長女の火憐ちゃんは、空手の有段者で、しかも兄を凌ぐ長身の持ち主。

 

妹二人は「正義の味方」を志し、「栂の木二中のファイヤーシスターズ」を名乗って人助けをしています。

頭脳担当の月火ちゃんに、強さ担当の火憐ちゃん。

人望が厚く友人達に頼りにされていますが、兄の暦くんは渋い顔。

 

「お前達のやっていることは、正義の味方じゃない。正義の味方ごっこだ」と、厳しいことを言います。

そういう暦くん自身も、身体を張って人を助けてしまうので、ある意味似た者同士なのですが。

 

暦くんの住む街では今、中学生の間で奇妙な「おまじない」が流行っていました。

特定の相手を呪うというもので、それが原因で人間関係がギスギスし、トラブルに発展する者も……。

実体は無いものの、かなりの被害者が出ています。

 

暦くんの後輩である、千石撫子ちゃんも被害者の一人。

 

その「おまじない」は、実はある詐欺師が意図的に流行らせたモノでした。

中学生に浸透させ、「呪いを解く方法を知りたければ、金を払え」と、小遣いを巻き上げます。

その詐欺師というのが、暦くんの恋人・ひたぎさんにとっては因縁の相手である貝木でした。

 

犯人に辿り着いた火憐は、勇んで貝木の許に乗り込みます。

しかし貝木は、恐れ入るどころか火憐を煙に巻き、更に「スズメバチ」の怪異を仕掛けました。

 

催眠術なのか、身体が動かせないほどの高熱に見舞われる火憐。

それでも自分の不調を認めないあたり、彼女も相当なモノです。

 

高熱を押して、なお貝木をとっちめに行くと、ふらつきながら歩き出す火憐ちゃん。

止める兄と聞かない妹は衝突し、とんでもない兄妹喧嘩が始まります。

史上最大の兄妹喧嘩。

「お前は今、通常の状態じゃない」という兄に、火憐ちゃんが返した言葉がまた、ただ者ではありません。

これが超絶カッコいい惚れてしまう名言。

 


©西尾維新/講談社・アニプレックス・シャフト
アニメ「偽物語」より引用

「あたしの状態?ああ、確かに通常じゃない。頭はボヤッとしているし、体中が火照るように熱い。服が今にも燃え上がりそうだ」

「あちこちが痛くて、一歩踏み出すだけで倒れそう」

「眼球から水分が飛んでいるのか、兄ちゃんの姿もマトモに見えやしない。次に瞬きしたら、もう二度と目を開けねえかもしれねえな」

「つまり!!」

「ベストコンディションだ!!!!!」

 

そんな妹に、さすがの暦くんも呆れるやら、感嘆するやら。

「かっこいいよ、お前。妹じゃなきゃ、惚れてたかもな」

 

もうここからは空手の有段者とか、そんな次元じゃないハイパーバトルが……。

吸血鬼体質(すごい身体能力と回復力)の兄が、防御出来ないほどものすごい攻撃をしかけます。

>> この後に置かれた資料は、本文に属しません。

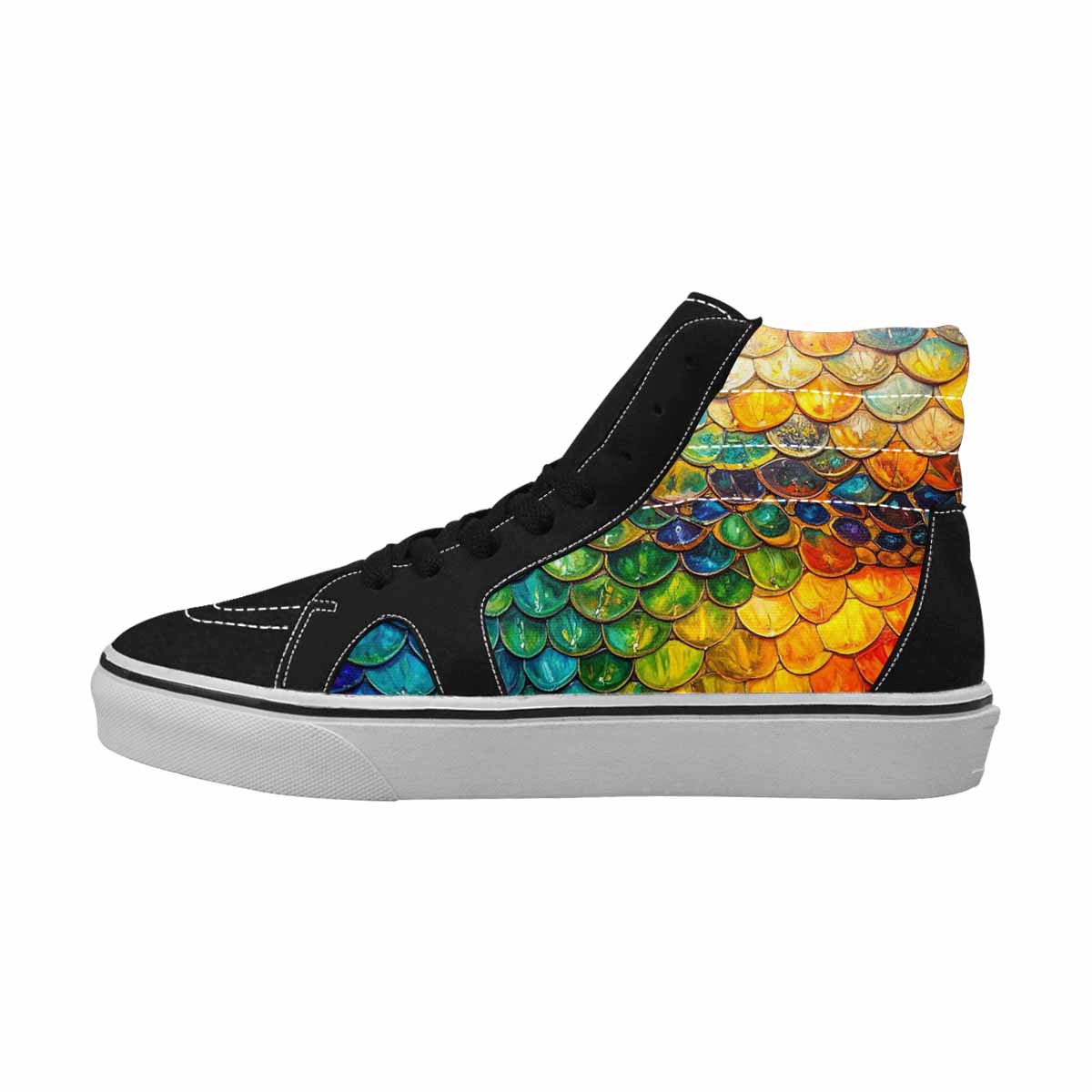 MEN'S Reptile Scale High Top Canvas Dreamlike Custom Shoes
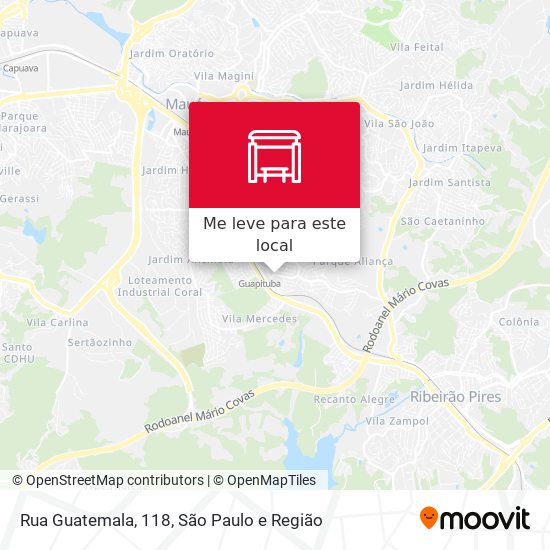 Rua Guatemala, 118 mapa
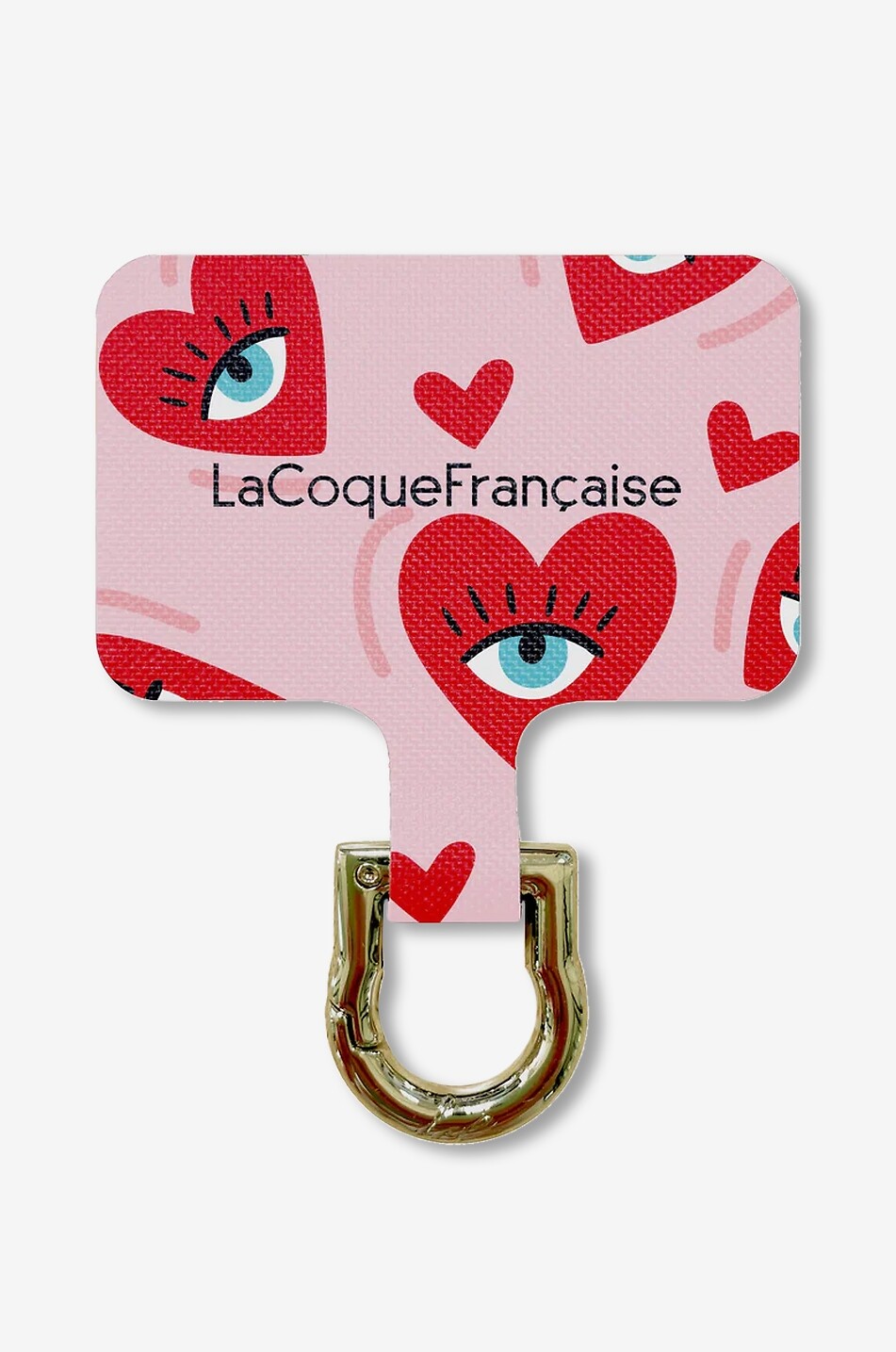LA COQUE FRANCAISE Adaptateur pour chaîne téléphone Yeux d'amour Fille ROSE 1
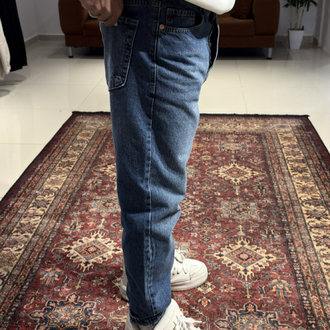 Taşlamalı Boyfriend Jean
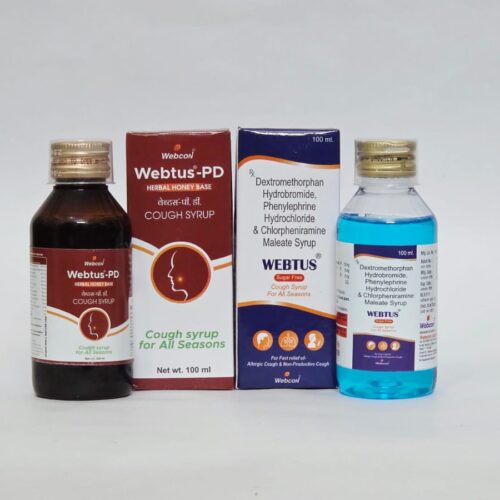 Webtus & Webtus PD Syrup by Webcon Labs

しょっぱなから地面に叩き付けられて、アスファルトにめり込む暦くん(よく生きてますよね……)。

 


©西尾維新/講談社・アニプレックス・シャフト
アニメ「偽物語」より引用

 

そんな状態でも立ち上がり「救急車に乗るのは、お前だあ!」と飛び掛かります。

 

しかし、火憐ちゃんの実力は桁違い。

まるでアニメのように(アニメですが)超人的な大技を繰り出し、兄を空高く吹き飛ばします。

自分は空中へ飛びあがり、一気に高架の上へ。

 

その一連のアクションの最中に「体が火照るって、なんかいやらしくないか?だって、体がホテルなんだよ!?」と、トンチンカンな迷言まで……。

 

暦くんは突っ込みつつ反撃を試みますが、そんな兄の防御をかいくぐり、嵐のように殴り続ける火憐ちゃん。

何度も血を吐き、足元はガクガク……。

あまつさえ高架の上から地面に叩き付けられ、その衝撃で橋は崩れ落ちます。

 

どれだけ怪力なの。

 

そして、よく人の形を保っていますよね、暦くんも……。

吸血鬼体質の兄をここまでボコボコにする、火憐ちゃんが人間というのが凄いことです。

 

そして、そこまで痛めつけられても屈せず、なお立ち上がる暦くんに、火憐ちゃんは苛立ちを隠しません。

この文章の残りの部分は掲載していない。